2021-12-22 17:46:56

by Ivan Babrou

[permalink] [raw]
Subject: Initial TCP receive window is clamped to 64k by rcv_ssthresh

Hello,

I noticed that the advertised TCP receive window in the first ACK from
the client is clamped at 64k. I'm wondering if this is intentional.

We have an environment with many pairs of distant servers connected by
high BDP links. For the reasons that aren't relevant, we need to
re-establish connections between those often and expect to have as few
round trips as possible to get a response after a handshake.

We have made BBR cooperate on the initcwnd front with TCP_BPF_IW and
some code that remembers cwnd and lets new connections start with a
high value. It's safe to assume that we set initcwnd to 250 from the
server side. I have no issues with the congestion control side of
things.

We also have high rmem and wmem values and plenty of memory.
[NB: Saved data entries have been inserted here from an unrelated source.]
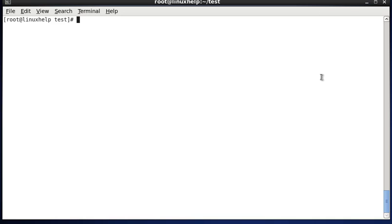Today we see the chown command. chown is nothing but change ownership. Each and every file and directory in Linux belongs to some specific owner and group initially. We can change that ownership with the help of this command.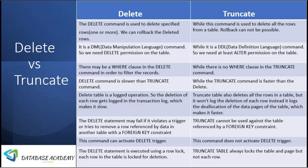In TRUNCATE it's not possible — we cannot use the ROLLBACK command to get the deleted records back. DELETE statement is a DML operation, so we need DELETE permission on that table, while TRUNCATE is a DDL command, so we need at least ALTER permission on that table.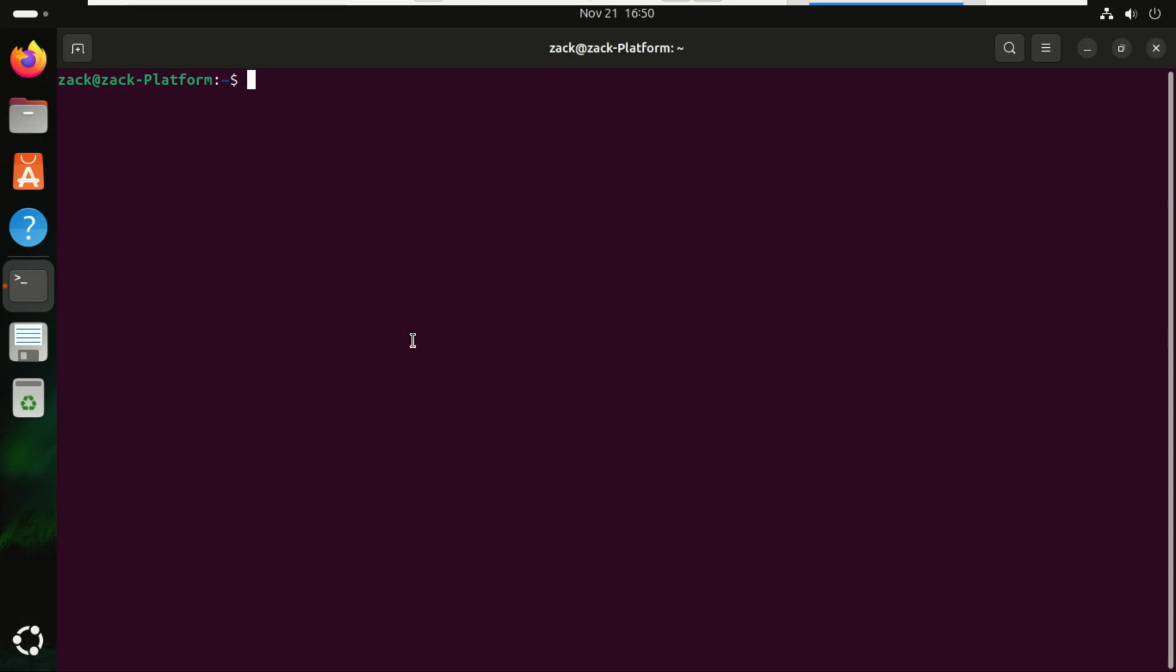First run this command. This command scans your system and lists all the drivers that Ubuntu can install for your hardware. Think of it like asking Ubuntu, hey, what drivers are available for my graphics card, Wi-Fi, or other hardware?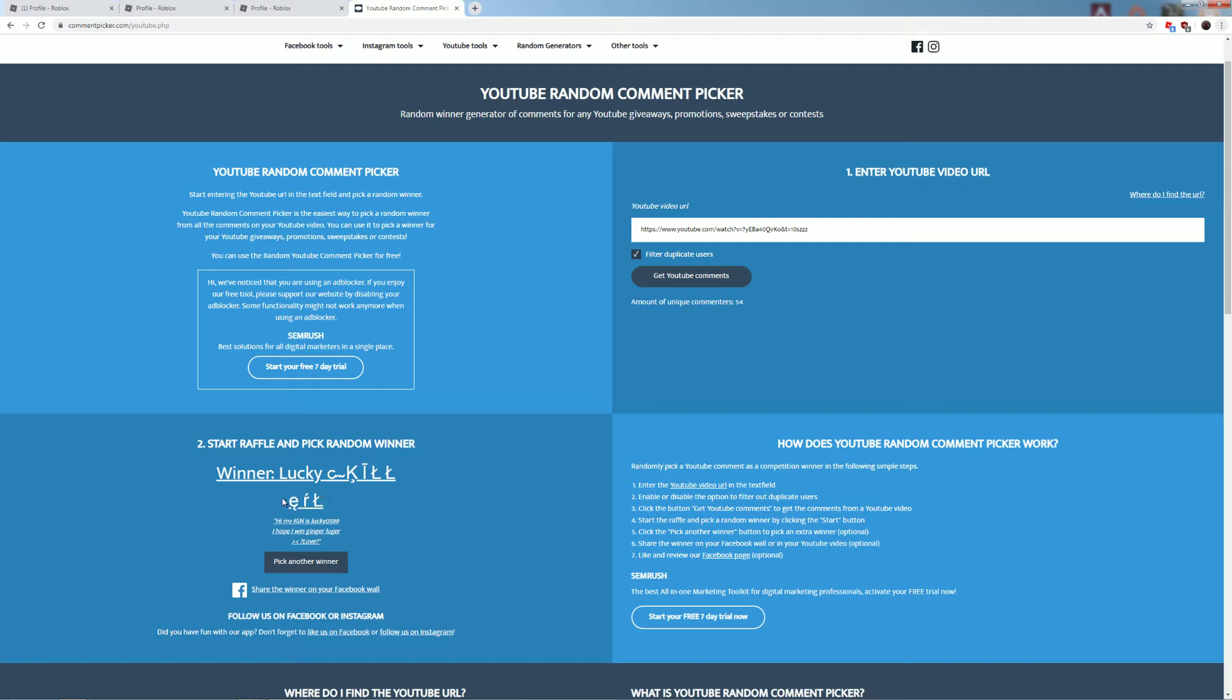Here's one of the winners, Lucky, Lucky0599. I'll give him Ginger Luger.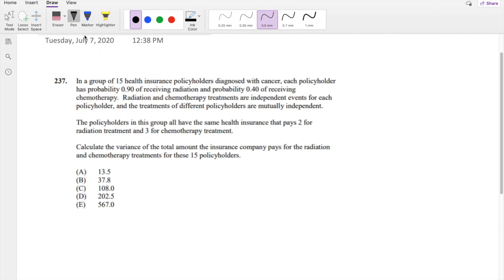Hi guys, it's Jordan, a math person. Today I'll be going over question 237 on SOA exam P. So pause the video real quick and try this problem yourself.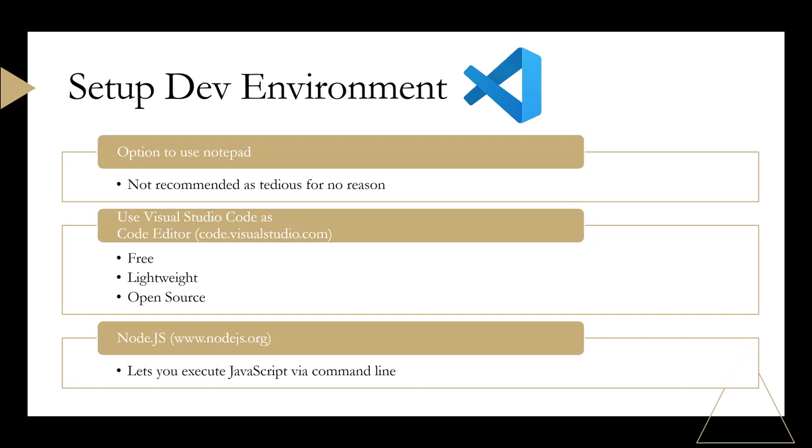Next to execute JavaScript code you can use your browser but I strongly recommend Node.js which lets you run JavaScript outside the browser. Download it from nodejs.org and set it up on your machine.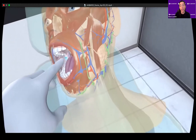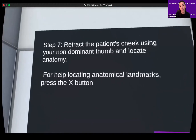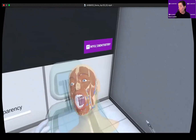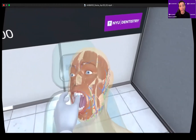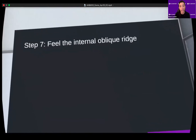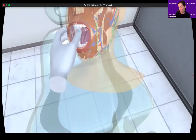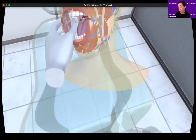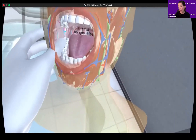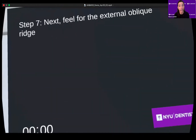Here you can see the student palpating with his non-dominant hand. The X button on the left controller provides students with help if needed. The controllers will be set for handedness, and this demo is for a right-handed operator. The steps come up one at a time as each one is completed, and more built-in feedback will be provided for incorrect answers.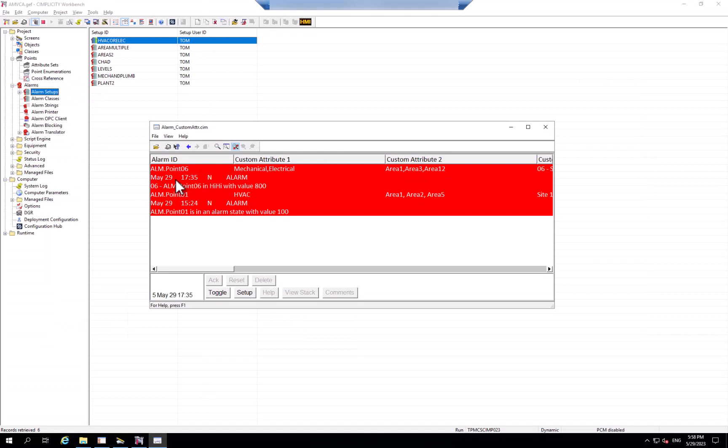So not only do you get a lot more information that you can associate with an alarm, you can also filter very powerfully against those custom attributes. Enjoy!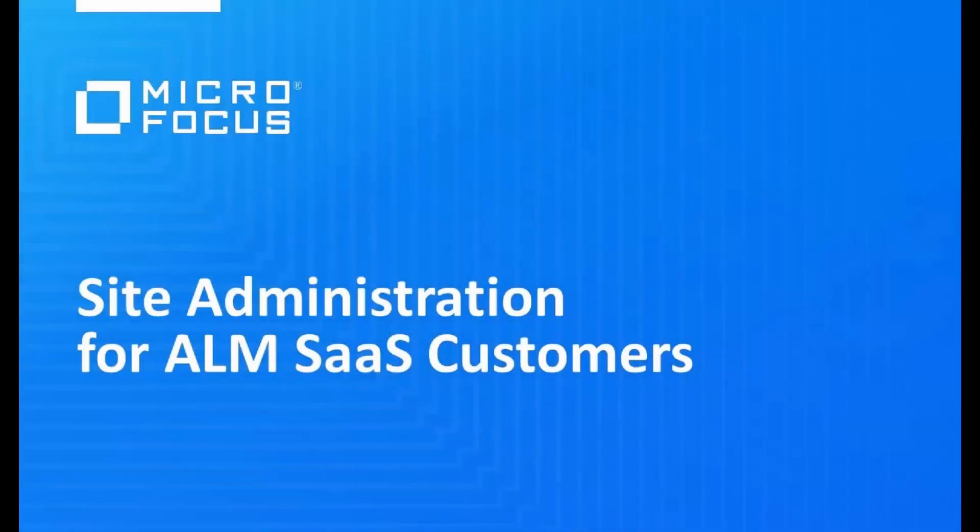Welcome. In this movie we are going to look at site administration for SaaS customers.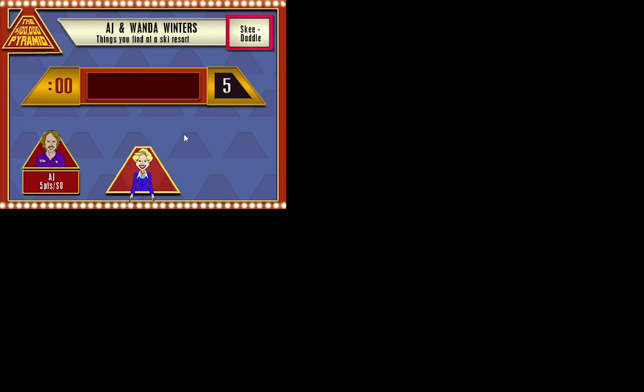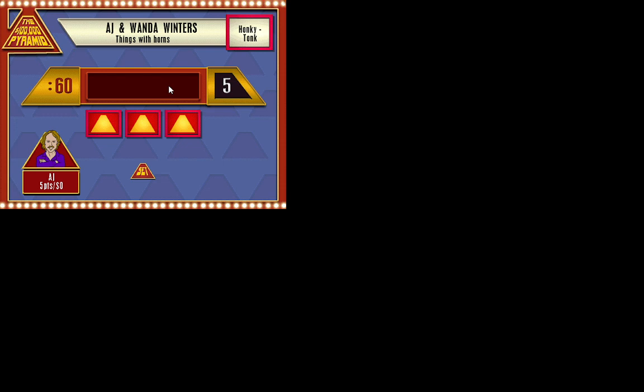It's one or the other. Pick a category. Let's go honky-tonk. Good choice. Here is your category. Things with horns. Okay. This could be good. Ready and go.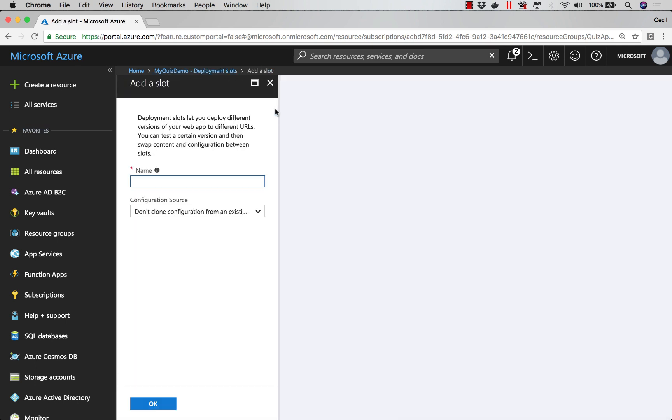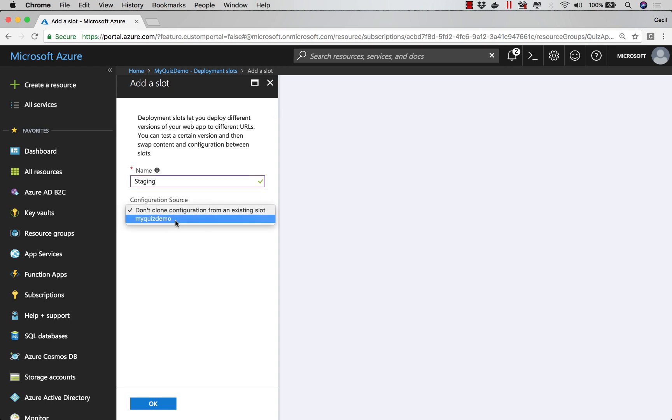Next, we'll add a slot. I'll call this one Staging. Now, we're going to select the source. So I want to use my quiz demo application.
The problem lies in the fact that no matter how high we crank up the
initcwnd, the connection will hit the 64k wall of the receive window
and will have to stall waiting on ACKs from the other side, which take
a long while to arrive on high latency links. A realistic scenario:

1. TCP connection established, receive window = 64k.
2. Client sends a request.
3. Server userspace program generates a 120k response and writes it to
the socket. That's T0.
4. Server sends 64k worth of data in TCP packets to the client.
5. Client sees the first 64k worth of data T0 + RTT/2 later.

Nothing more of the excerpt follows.